WHAT TO WORK ON - The records follow. Copy them exactly, but omit the pictures.

SOURCE MATERIAL -
»»
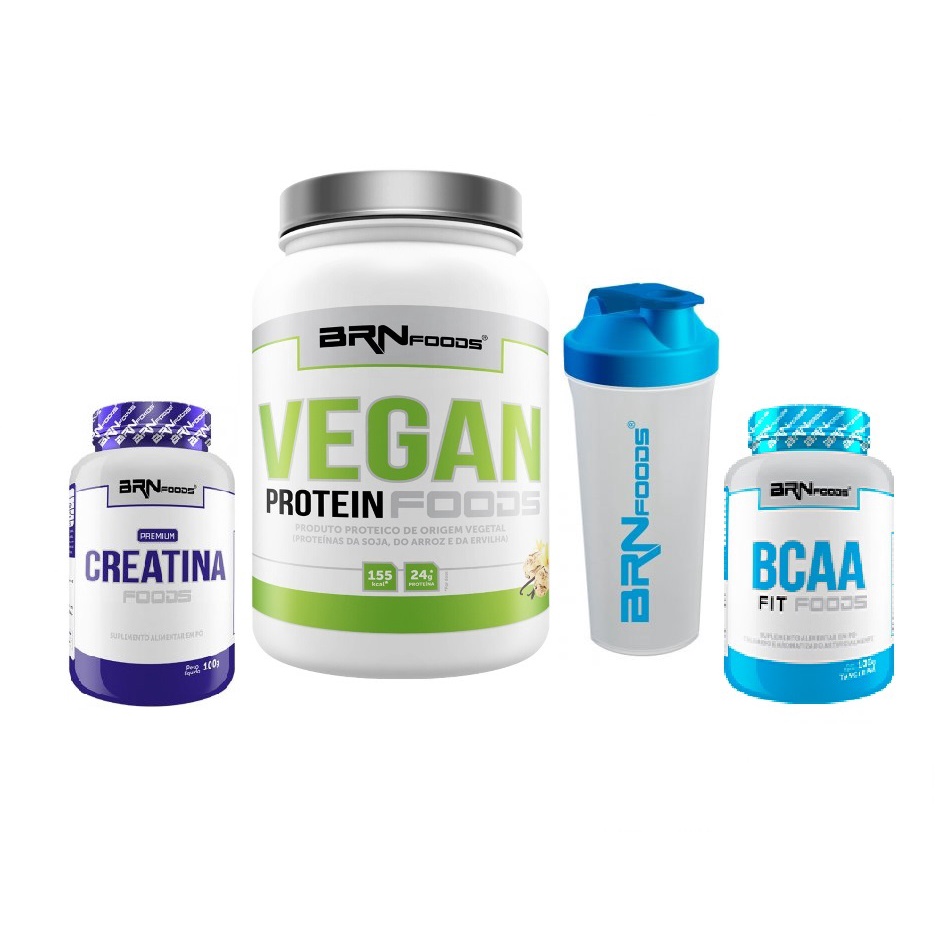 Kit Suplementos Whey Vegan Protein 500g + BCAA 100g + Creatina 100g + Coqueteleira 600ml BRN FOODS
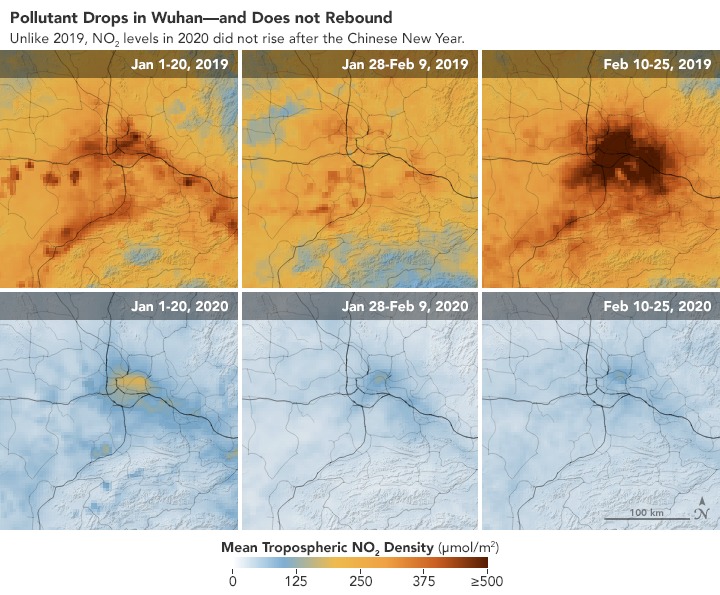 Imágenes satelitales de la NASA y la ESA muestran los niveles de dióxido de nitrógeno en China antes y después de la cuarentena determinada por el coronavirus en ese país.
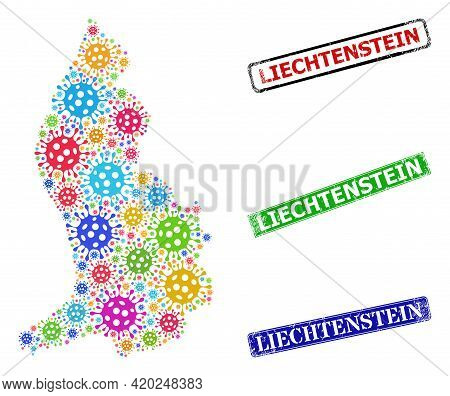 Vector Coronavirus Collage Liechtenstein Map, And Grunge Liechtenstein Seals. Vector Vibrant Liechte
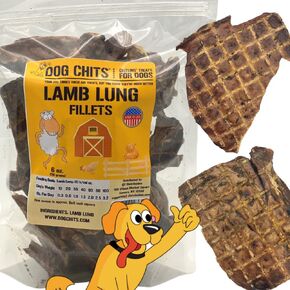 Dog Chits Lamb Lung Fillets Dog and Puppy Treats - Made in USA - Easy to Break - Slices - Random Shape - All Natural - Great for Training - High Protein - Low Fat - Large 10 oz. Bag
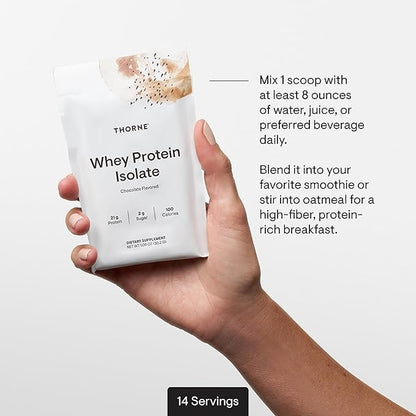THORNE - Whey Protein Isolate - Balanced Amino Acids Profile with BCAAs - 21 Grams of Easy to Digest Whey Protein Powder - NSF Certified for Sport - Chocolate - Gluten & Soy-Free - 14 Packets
««
EXERCISE RESPONSE -
 Kit Suplementos Whey Vegan Protein 500g + BCAA 100g + Creatina 100g + Coqueteleira 600ml BRN FOODS
 Imágenes satelitales de la NASA y la ESA muestran los niveles de dióxido de nitrógeno en China antes y después de la cuarentena determinada por el coronavirus en ese país.
 Vector Coronavirus Collage Liechtenstein Map, And Grunge Liechtenstein Seals. Vector Vibrant Liechte
 Dog Chits Lamb Lung Fillets Dog and Puppy Treats - Made in USA - Easy to Break - Slices - Random Shape - All Natural - Great for Training - High Protein - Low Fat - Large 10 oz. Bag
THORNE - Whey Protein Isolate - Balanced Amino Acids Profile with BCAAs - 21 Grams of Easy to Digest Whey Protein Powder - NSF Certified for Sport - Chocolate - Gluten & Soy-Free - 14 Packets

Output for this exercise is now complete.